There’s going to be a day that every nation on the face of the planet is going to come against Israel and on that day, Israel will have no other ally but one and that is God. They’ll call out to God and God will do a miraculous, supernatural protection and give Israel victory. What do we call that? The battle of Armageddon.
When that happens, there’s something else that’s going to happen. This is the important thing
for us this morning to know. When that happens, all the nations gather. God will protect in vs.
10. At the end of the Tribulation when every thing comes to it’s apex and all the nations of the
world are about to destroy Israel, God will protect them and he will pour out his Spirit on them.
What does that mean? When they look on me whom they have pierced. You go through the
book of Zechariah and you see at the end of the age, two thirds of Israel will be wiped out and
one third will become believers in Christ.

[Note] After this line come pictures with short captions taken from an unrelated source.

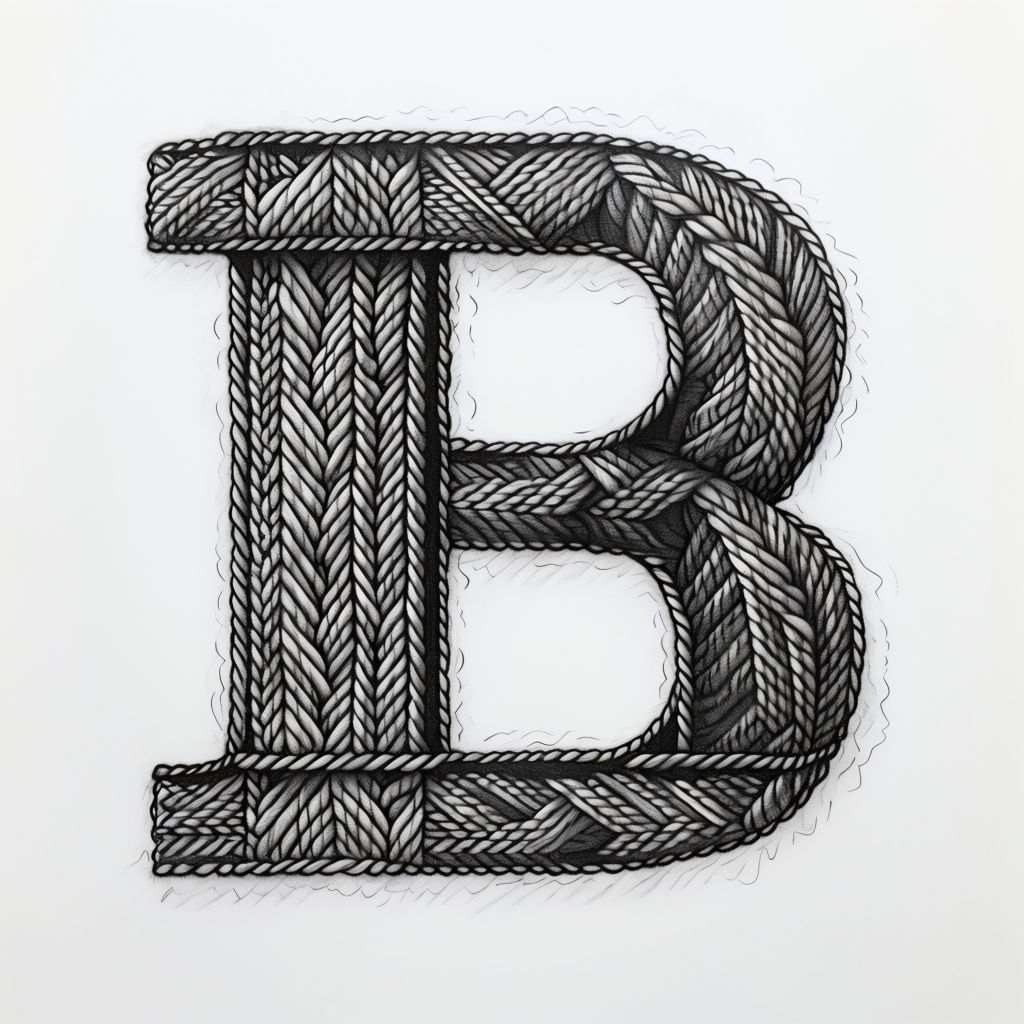 Cozy Black Knitted Letter B Monogram Design Sticker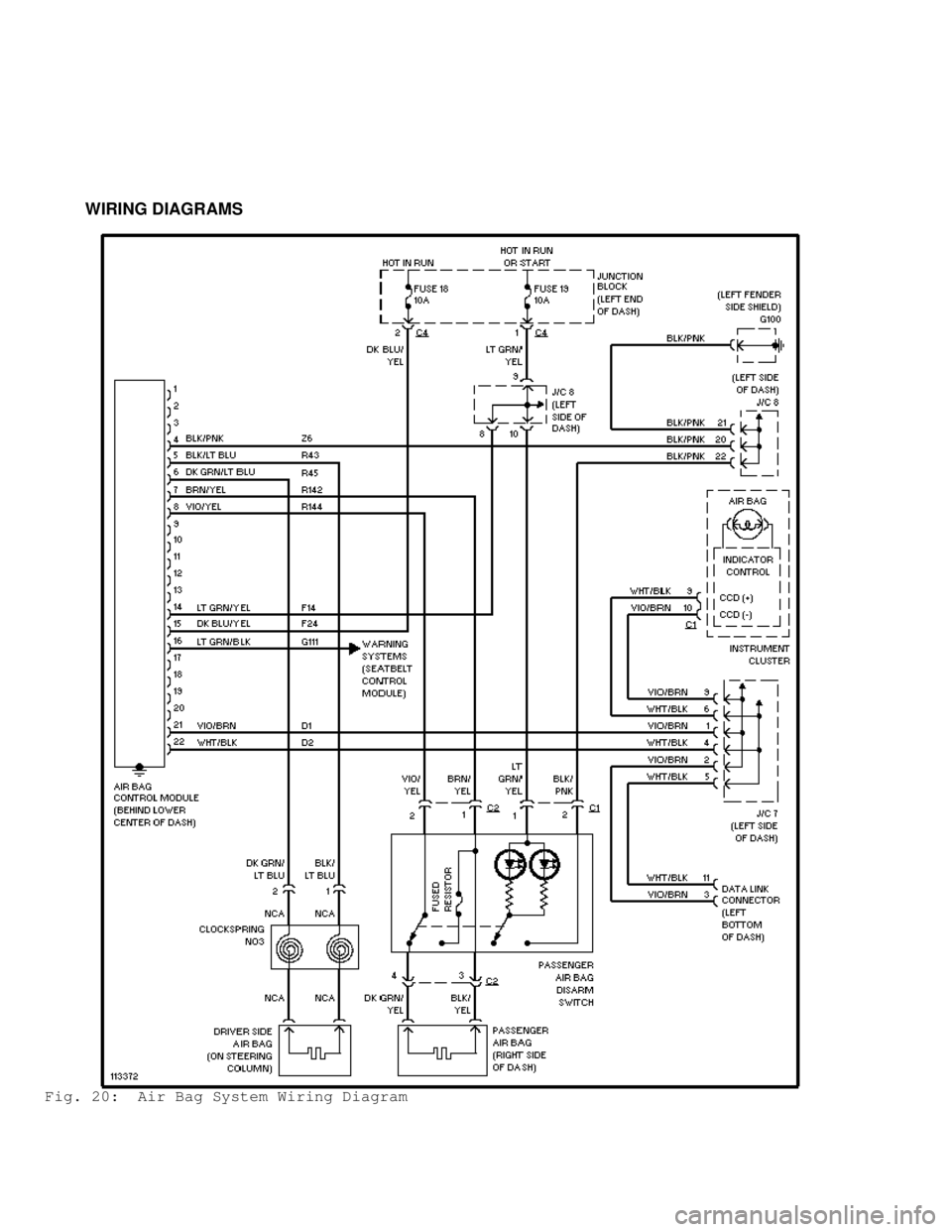 DODGE RAM 1999  Service Repair Manual          WIRING DIAGRAMS
Fig. 20:  Air Bag System Wiring Diagram                                    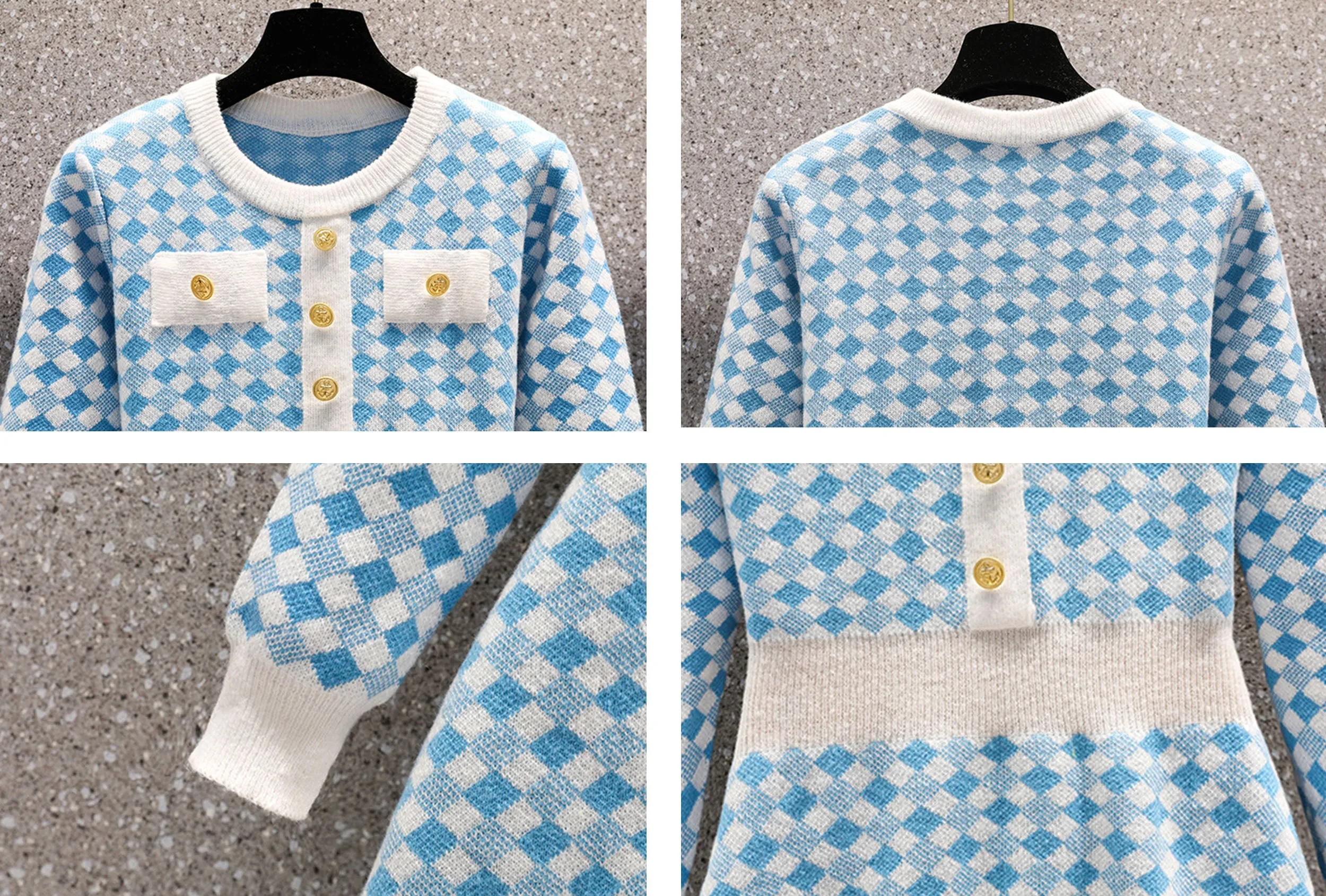 Knit Plaid Pullover Sweater Mini Dress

Look at this, vs. 10. Who is me? The Lord in vs. 1. When they look on me. On him. Who’s him?
On him they have pierced. When they look on me they’re realize they pierced him and him is
me. They will have a revelation and they will see that Jesus the Messiah came in human flesh and they missed it. And they will sing the song in Isaiah 53. Are you ready? Starting in vs. 1. Do you
know that the Old Testament was written by Jews. The New Testament was written by Jews.
The gospel was given to us by a Jewish man. They’re saying who has believed the report that
was given to us? What they are going to look back and see that generations have missed the
gospel. And it’s a lament. It’s a sad song. The message that was given to us. What was that
message? It was the arm of the Lord. That’s a euphemism for the strength of God. Paul says in
Rom. 1, what is the strength of God? It’s the gospel.

The Jews are saying who has believed the message that was heard by us? We heard it and we
admit that we didn’t believe it. The message of the Messiah and also the gospel came to us and
we didn’t believe it. They are going to give us a list in chapter 53:2 of why they didn’t believe.
Are you ready?

The first one is this, “for he grew up before him like a young plant.” Young plant is like when
you have a tree growing up, you have little branches that stick out from the piece of the tree.
They are useless. They’re fruitless. They’re what they call sucker branches. You just knock them
off. Root out of dry ground. A young plant is meaning who has believed the strength of God
that came to us in Jesus Christ? When we looked at him, he was insignificant. He was a nobody.
He was not needed. He was born in Bethlehem. Raised in Nazareth. Uneducated. From an
insignificant family, insignificant town. Born in a stable. Shepherds, the lowest class of society
were there welcoming him into the world. He was no king. He was no great man. He was just a
little twig. Pharisees even said, can anything good come out of Nazareth? Nothing. This can’t be
the Messiah. This can’t be the one we are waiting for. He is not like David. He is not like Saul. He
is not like any great king. This can’t be the Messiah.

And whenever Jesus did something miraculous and showed his power, they wanted to make
him king. But when they realized he was talking about suffering and death, they realized this
cannot be our king. The reason why we didn’t believe the report was because he was a root out
of dry ground. Root out of dry ground meaning he’s not bearing any fruit. You trip over that.
You got to pluck it up and pull it out. Then they go on and they say he had no form or majesty.
Meaning Saul, whenever the Jews would pick a king, they would always go for outer looks,
wouldn’t they? Who’s going to be the king? The tallest guy. Saul, you’re the king. Who is going
to be the king? David who God chose but he was a good looking man.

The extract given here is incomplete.